聞かれたらマズイ社内用語
さて、このように日頃、何げなく使っている、会社独特の方言にあたる「社内用語」。
ここまで書いてきたように、社員同士の絆を高めるために必要な面がありますが、社外の人がかかわる仕事で社内用語を連発するのは考え物です。何げなく使ったものの、社外からすれば「???」となるのが明らか。まして、社外の人を揶揄する用語であれば、「この会社、感じワルい」と悪い印象を持たれるリスクもあります。
たとえば、取引先を社内で「売り上げ」や「利益」などで分類している会社。そして、長期間仕事をしていない取引先に対して「落ちS」などと呼んでいるのを外部の人に聞かれたら、どうでしょうか?
「社内の取引先を、仕分けする様子が想像できて、嫌な気持ち」
と感じるかもしれません。社内の道理を開示してプラスはあまりありません。こうしたことから、社内用語に抵抗を感じる若手社員が増えています。
「社内と社外に対して言葉を使い分けるのが面倒」
「表裏のある行動を取っているようで罪悪感を感じる」
とネガティブな意見がいくつも出てきました。
同じGMといっても大違い
社内用語については、職場の同僚同士で用法についての認識がずれている場合もあります。例えば、取材したネット系企業では、世間でいう「部長クラス」の役職の肩書がジェネラルマネジャー。そこで略して「GM」と呼ぶのが当たり前。ところが、昨年にM&Aで買収されて、この会社に統合されたD社では課長クラスの肩書をグループマネジャー、略してGMと呼んでいました。ゆえに元D社の社員たちは
「●●GMからの指示で取り組んできたのですが」
と職場の課長クラスを呼ぶと職場の同僚たちが「違うよ。●●さんを『GM』と呼んだら、周囲が彼が偉くなったのか?と誤解するからやめてほしい」と指摘。統合元の会社で使われている社内用語に合わせるべきだと言います。「もっとも」な話ではありますが、元D社の社員にしてみれば、長く使ってきた社内用語を否定されたことで、「虐げられている」と感じるときもあるようです。

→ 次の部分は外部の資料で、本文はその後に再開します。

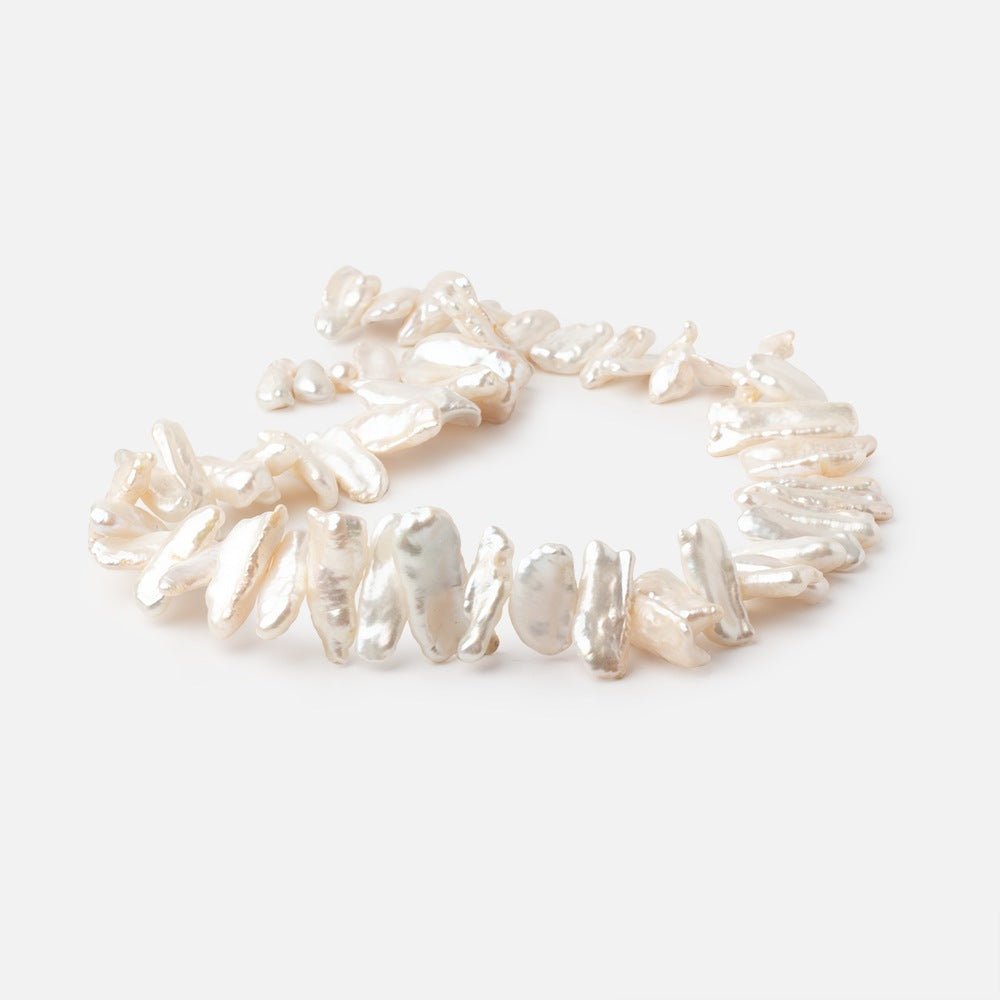 7x16-8x20mm Creamy White Biwa Freshwater Pearls 15.5 inch 57 beads AAA (ONLINE ORDER ONLY)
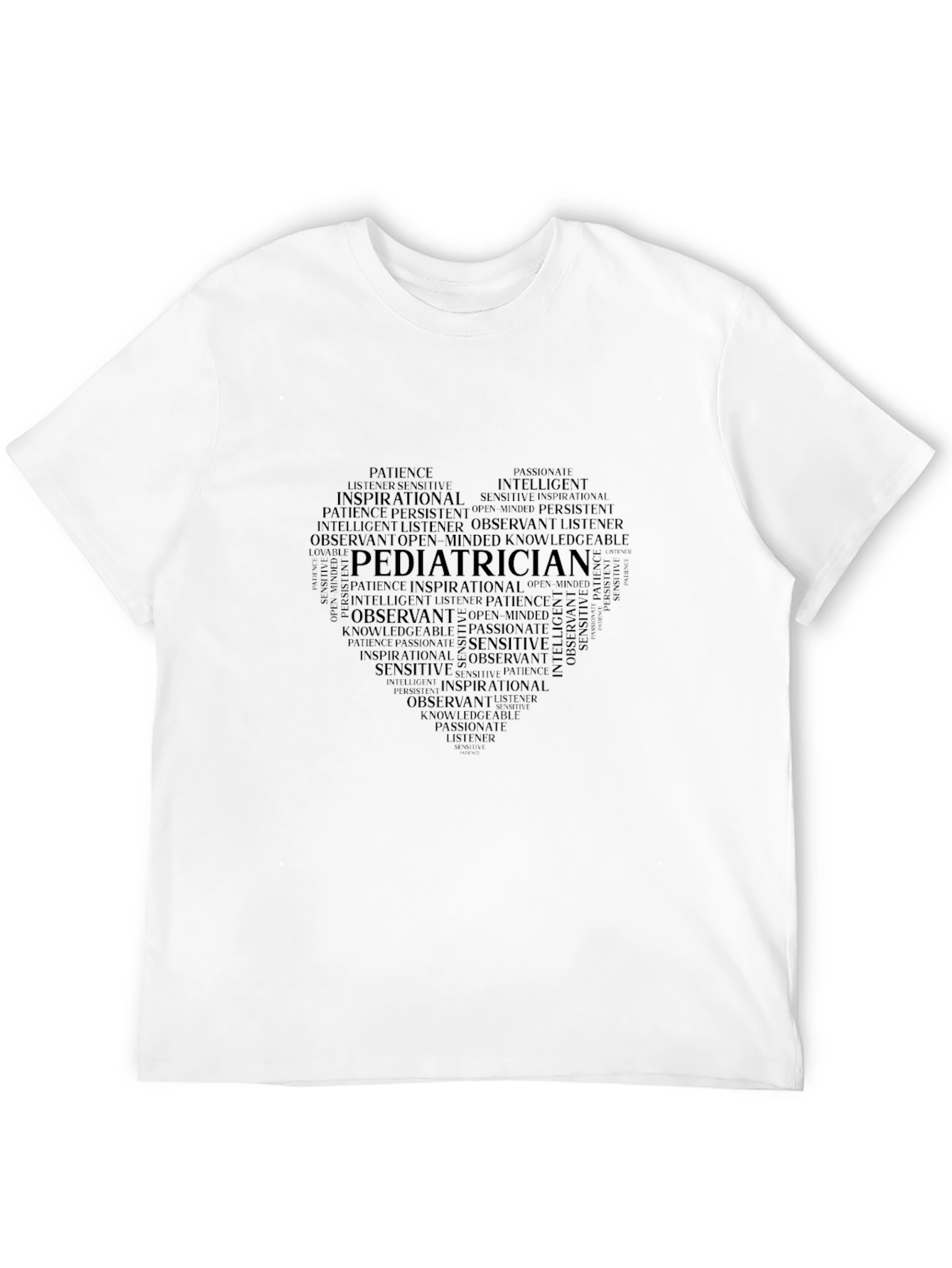 Pediatrician Word Art Heart Graphic T-Shirt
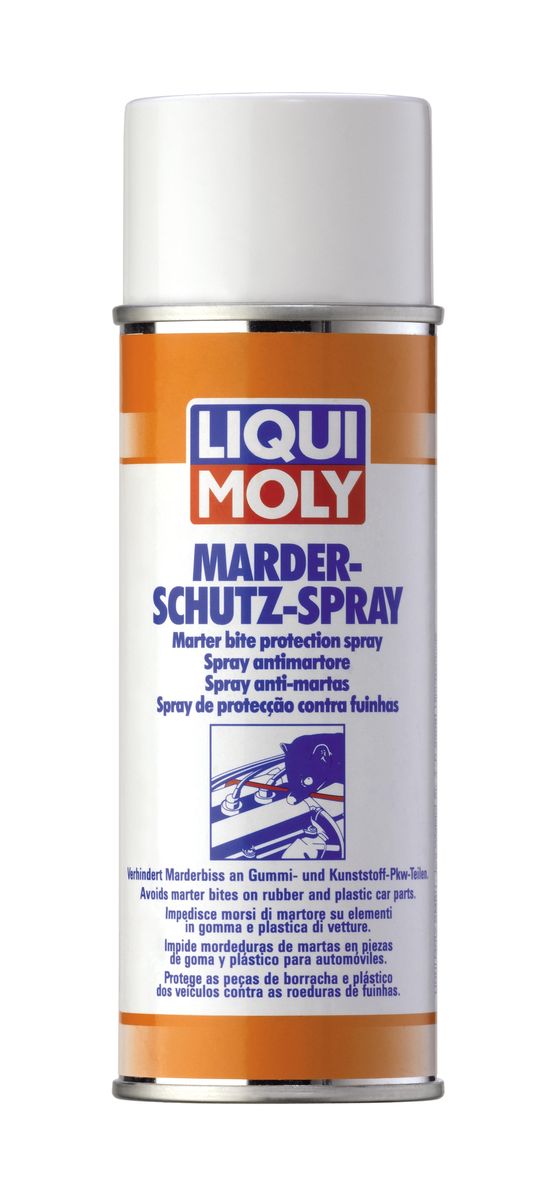 Спрей защитный от грызунов Liqui Moly Marder-Schutz-Spray, 200 млCA-3505 Спрей защитный от грызунов Liqui Moly Marder-Schutz-Spray, 200 млCA-3505Спрей Liqui Ьoly Marder-Schutz-Spray защищает от повреждения грызунами проводов, резиновых и пластиковых изделий в автомобиле, предотвращая дорогостоящий ремонт. Смесь пахучих веществ отпугивает грызунов, но абсолютно безвредна для окружающей среды и животных. Необходимо обработать все пластиковые и резиновые детали со всех сторон. Повторять обработку каждые 14 дней. Содержит пропан/бутан. Не содержит озоноразрушающих веществ. Товар сертифицирован.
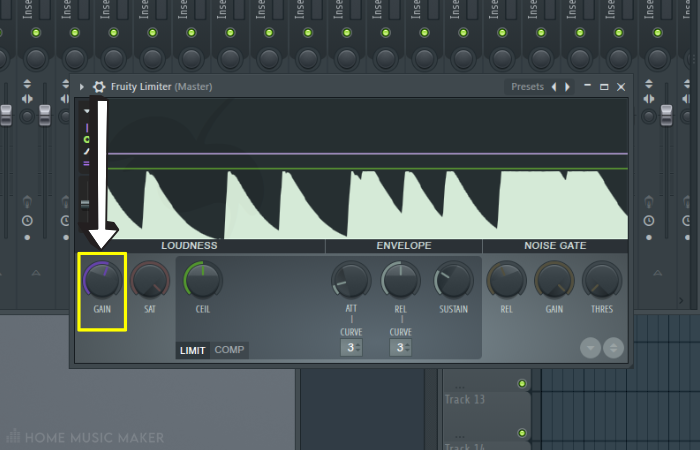 Adjusting the gain on the Fruity Limiter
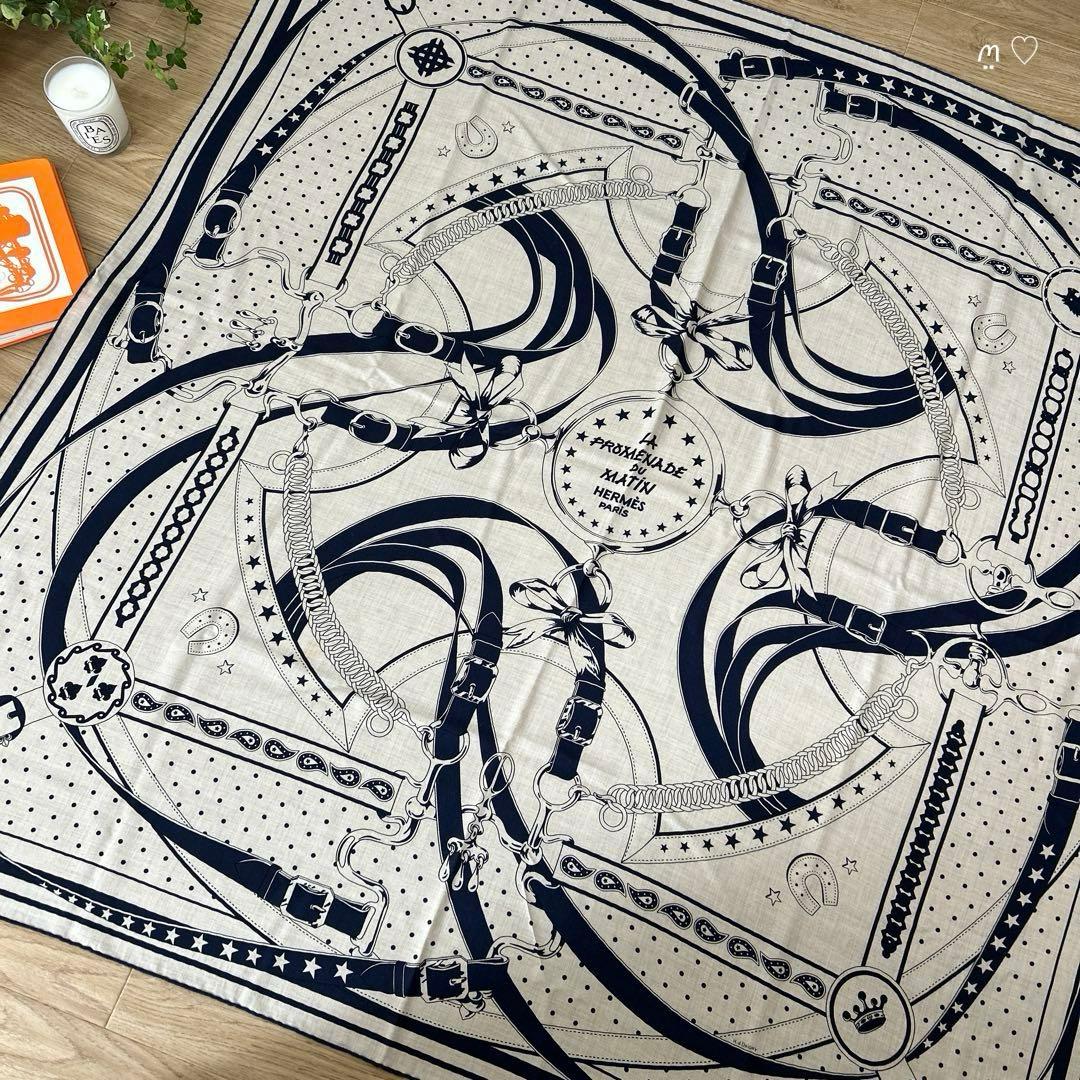 HERMESエルメス カレジェアン 140 朝の散歩バンダナ カシシル ストール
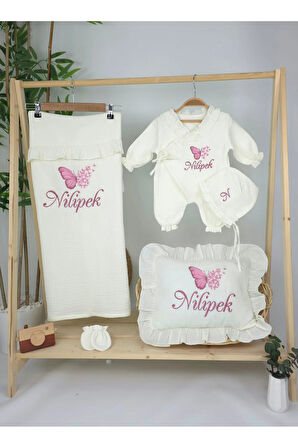 Müslin Yeni Doğan 4Katlı Organik %100Pamuk Kişiye Özgü Nakışlı Hastane Çıkış Seti (Çoklu Kelebek-2)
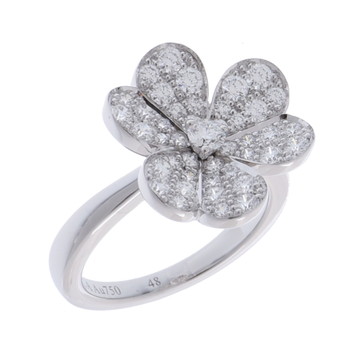 ヴァン クリーフ&アーペル フリヴォル リング 1フラワー #48 パヴェ シルバー VCARD31648 K18ホワイトゴールド WG レディース ジュエリー 【中古】【jewelry】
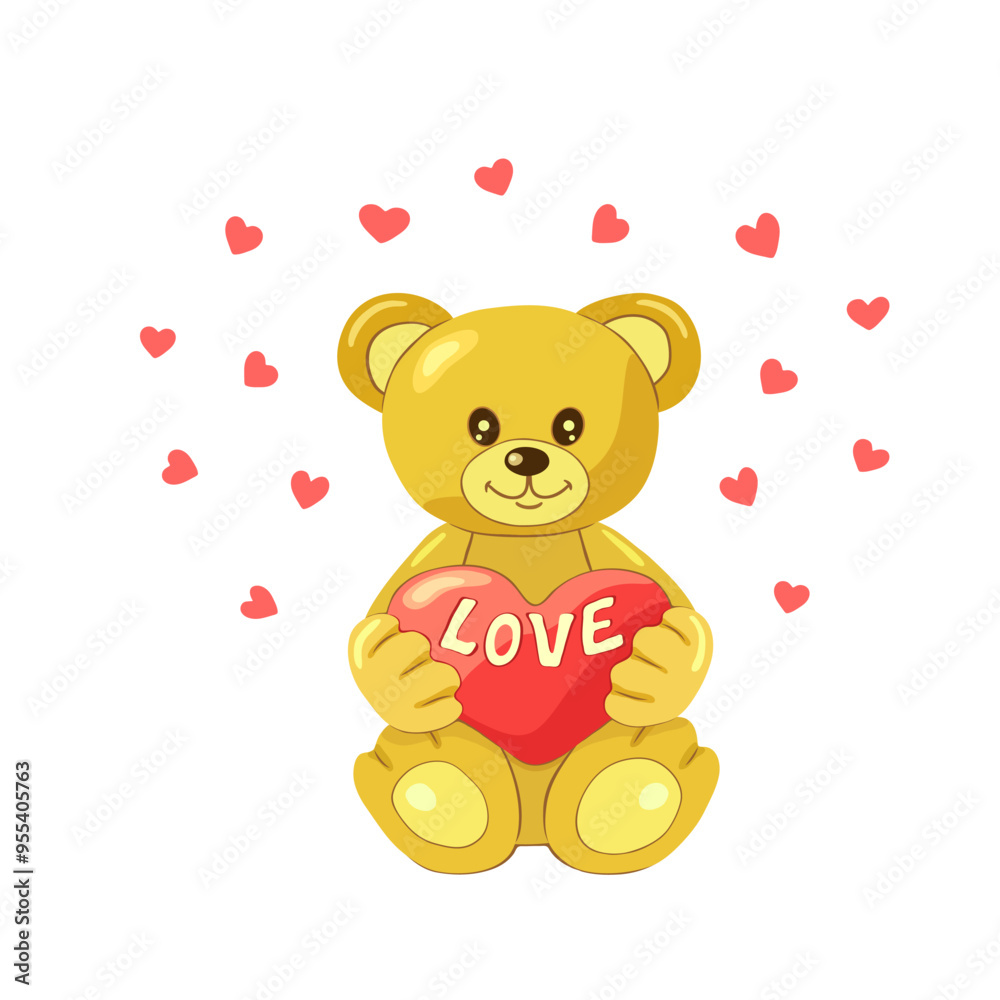 Obraz premium A cute light brown teddy bear with a heart that says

さらに、混乱を来すことに、会議のことをグループミーティングと呼んでいること。これを略してGMと呼ぶ社内用語も存在するのです。あるとき、システム部門のGM(ジェネラルマネージャー)がメンバーに対して
《来週の月曜日の夕方、大崎GM、必参加》
と暗号のようなメールが配信されました。もともと、このGMは短文で言いたいことだけメールする習性がある人なのですが、この短文にはメンバーは混乱しました。